━━━━━ RECORDS FOR THIS TASK

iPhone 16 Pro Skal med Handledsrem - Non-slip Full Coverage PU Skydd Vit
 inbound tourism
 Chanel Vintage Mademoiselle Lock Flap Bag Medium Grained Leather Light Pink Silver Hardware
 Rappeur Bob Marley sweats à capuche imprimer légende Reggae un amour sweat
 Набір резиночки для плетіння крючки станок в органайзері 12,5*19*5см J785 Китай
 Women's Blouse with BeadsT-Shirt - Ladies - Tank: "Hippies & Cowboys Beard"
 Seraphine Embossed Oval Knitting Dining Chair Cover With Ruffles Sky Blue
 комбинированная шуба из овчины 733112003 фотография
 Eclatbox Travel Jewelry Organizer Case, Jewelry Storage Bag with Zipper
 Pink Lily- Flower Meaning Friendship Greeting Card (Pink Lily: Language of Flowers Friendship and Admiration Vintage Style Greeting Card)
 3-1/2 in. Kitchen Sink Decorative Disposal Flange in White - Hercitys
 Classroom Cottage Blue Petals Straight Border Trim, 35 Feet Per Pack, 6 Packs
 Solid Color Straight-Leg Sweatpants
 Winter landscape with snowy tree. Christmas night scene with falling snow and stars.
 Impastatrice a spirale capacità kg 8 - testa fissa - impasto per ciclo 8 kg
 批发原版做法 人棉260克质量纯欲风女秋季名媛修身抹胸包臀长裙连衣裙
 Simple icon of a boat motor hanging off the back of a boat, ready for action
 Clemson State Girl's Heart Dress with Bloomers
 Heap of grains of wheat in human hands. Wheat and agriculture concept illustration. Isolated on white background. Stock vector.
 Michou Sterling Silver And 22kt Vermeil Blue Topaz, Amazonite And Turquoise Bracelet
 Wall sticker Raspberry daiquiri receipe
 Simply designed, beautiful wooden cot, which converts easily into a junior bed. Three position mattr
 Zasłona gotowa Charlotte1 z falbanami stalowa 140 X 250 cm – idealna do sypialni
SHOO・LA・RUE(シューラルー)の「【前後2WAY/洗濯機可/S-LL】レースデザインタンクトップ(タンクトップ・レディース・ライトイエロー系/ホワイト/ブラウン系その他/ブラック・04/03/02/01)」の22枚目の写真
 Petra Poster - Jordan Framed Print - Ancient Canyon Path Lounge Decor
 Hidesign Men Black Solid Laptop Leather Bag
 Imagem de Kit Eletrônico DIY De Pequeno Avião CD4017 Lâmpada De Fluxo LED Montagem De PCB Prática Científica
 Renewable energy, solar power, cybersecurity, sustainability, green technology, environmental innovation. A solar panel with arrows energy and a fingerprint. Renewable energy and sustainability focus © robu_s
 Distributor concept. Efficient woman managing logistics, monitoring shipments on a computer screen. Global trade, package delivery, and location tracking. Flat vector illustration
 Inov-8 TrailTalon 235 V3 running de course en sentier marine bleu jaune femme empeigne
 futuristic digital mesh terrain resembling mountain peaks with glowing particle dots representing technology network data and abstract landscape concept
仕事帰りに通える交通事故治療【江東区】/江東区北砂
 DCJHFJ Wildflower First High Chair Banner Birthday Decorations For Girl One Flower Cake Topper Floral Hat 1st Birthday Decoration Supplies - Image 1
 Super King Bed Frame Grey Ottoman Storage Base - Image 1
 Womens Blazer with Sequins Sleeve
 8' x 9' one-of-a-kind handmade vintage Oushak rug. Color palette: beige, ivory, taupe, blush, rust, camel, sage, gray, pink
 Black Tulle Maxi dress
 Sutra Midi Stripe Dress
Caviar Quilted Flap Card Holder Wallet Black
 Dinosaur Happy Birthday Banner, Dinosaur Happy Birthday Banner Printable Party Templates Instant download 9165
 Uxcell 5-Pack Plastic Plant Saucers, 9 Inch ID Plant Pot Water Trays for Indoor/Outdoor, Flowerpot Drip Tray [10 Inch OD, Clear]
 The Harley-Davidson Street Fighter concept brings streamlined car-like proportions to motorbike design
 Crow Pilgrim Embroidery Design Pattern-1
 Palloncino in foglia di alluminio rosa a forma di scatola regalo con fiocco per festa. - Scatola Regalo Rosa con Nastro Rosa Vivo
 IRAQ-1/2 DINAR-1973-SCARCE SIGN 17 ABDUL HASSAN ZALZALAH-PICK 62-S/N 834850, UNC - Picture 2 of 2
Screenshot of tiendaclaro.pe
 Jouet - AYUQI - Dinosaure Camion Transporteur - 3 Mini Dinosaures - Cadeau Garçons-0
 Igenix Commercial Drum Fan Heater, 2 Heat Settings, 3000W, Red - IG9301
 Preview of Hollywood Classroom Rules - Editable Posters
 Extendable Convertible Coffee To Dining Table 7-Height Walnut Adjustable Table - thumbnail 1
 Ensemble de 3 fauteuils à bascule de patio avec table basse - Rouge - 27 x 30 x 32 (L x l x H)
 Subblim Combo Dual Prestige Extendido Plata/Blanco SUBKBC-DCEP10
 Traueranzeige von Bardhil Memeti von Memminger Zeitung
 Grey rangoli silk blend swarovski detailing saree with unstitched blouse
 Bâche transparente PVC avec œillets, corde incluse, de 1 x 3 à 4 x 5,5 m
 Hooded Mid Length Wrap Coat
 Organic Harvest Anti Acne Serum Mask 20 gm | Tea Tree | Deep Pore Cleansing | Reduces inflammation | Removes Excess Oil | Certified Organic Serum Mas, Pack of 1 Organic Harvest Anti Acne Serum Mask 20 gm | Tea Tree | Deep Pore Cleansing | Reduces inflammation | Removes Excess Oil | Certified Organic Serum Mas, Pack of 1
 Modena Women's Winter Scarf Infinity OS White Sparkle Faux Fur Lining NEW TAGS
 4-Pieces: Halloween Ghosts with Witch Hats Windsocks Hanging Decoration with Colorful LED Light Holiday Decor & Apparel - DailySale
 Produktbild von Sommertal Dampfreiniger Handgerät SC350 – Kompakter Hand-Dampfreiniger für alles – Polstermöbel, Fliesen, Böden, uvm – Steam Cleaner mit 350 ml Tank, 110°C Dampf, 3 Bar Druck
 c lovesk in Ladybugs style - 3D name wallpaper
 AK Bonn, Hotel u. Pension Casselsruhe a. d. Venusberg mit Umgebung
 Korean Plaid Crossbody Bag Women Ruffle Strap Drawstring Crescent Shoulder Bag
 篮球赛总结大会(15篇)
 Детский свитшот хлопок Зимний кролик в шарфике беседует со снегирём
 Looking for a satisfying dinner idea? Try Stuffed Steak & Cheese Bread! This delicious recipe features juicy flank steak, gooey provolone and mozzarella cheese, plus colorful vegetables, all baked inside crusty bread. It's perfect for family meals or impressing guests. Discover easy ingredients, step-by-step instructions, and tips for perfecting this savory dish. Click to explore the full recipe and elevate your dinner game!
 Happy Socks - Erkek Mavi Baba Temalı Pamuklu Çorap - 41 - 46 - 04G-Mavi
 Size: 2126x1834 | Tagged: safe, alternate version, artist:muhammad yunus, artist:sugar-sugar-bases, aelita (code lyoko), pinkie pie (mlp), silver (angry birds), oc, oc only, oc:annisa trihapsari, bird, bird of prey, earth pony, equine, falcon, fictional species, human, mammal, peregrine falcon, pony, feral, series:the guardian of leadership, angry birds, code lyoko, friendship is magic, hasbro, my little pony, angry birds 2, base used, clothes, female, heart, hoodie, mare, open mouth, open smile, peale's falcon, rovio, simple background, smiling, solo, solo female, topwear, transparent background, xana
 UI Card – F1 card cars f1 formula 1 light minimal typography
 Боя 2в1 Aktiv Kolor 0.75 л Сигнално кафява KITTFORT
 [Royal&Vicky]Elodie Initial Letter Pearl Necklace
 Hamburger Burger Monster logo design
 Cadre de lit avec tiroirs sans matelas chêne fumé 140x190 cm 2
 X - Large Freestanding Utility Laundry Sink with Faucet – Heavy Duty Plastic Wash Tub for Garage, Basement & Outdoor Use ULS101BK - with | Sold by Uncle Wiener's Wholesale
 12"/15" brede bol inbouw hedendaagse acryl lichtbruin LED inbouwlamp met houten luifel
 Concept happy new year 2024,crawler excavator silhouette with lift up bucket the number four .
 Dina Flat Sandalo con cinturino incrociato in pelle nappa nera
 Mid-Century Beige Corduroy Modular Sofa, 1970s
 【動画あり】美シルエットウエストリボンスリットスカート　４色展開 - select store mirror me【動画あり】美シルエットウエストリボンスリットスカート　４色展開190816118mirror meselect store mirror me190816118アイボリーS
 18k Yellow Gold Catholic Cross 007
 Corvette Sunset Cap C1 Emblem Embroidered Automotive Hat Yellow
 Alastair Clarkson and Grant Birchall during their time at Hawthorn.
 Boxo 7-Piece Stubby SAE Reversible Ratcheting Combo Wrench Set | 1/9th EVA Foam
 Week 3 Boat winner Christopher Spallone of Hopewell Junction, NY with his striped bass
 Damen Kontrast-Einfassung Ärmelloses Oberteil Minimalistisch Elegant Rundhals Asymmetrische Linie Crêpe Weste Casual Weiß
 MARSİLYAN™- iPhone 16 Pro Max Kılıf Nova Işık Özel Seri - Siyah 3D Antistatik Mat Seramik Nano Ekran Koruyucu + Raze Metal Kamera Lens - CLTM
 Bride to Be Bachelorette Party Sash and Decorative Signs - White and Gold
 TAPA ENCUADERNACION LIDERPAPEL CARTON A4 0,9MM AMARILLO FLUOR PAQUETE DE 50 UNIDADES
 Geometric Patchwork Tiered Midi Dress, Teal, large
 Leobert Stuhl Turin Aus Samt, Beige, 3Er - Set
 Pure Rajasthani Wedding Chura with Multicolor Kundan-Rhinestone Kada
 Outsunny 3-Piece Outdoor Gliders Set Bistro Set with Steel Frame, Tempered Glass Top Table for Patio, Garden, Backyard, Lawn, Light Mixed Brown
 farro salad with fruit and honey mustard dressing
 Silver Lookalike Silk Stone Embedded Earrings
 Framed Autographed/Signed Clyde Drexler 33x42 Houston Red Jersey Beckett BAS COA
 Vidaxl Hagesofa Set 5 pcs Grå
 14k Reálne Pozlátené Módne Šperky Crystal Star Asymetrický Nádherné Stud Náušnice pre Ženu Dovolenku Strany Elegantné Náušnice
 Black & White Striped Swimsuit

━━━━━━━━━━

- EXERCISE REQUIREMENTS
Working from the data above, extract solely the lines from the one containing "Boxo 7-Piece Stubby" through the one containing "TAPA ENCUADERNACION LIDERPAPEL", exactly as they appear, both included.

- WRITTEN REPLY
 Boxo 7-Piece Stubby SAE Reversible Ratcheting Combo Wrench Set | 1/9th EVA Foam
 Week 3 Boat winner Christopher Spallone of Hopewell Junction, NY with his striped bass
 Damen Kontrast-Einfassung Ärmelloses Oberteil Minimalistisch Elegant Rundhals Asymmetrische Linie Crêpe Weste Casual Weiß
 MARSİLYAN™- iPhone 16 Pro Max Kılıf Nova Işık Özel Seri - Siyah 3D Antistatik Mat Seramik Nano Ekran Koruyucu + Raze Metal Kamera Lens - CLTM
 Bride to Be Bachelorette Party Sash and Decorative Signs - White and Gold
 TAPA ENCUADERNACION LIDERPAPEL CARTON A4 0,9MM AMARILLO FLUOR PAQUETE DE 50 UNIDADES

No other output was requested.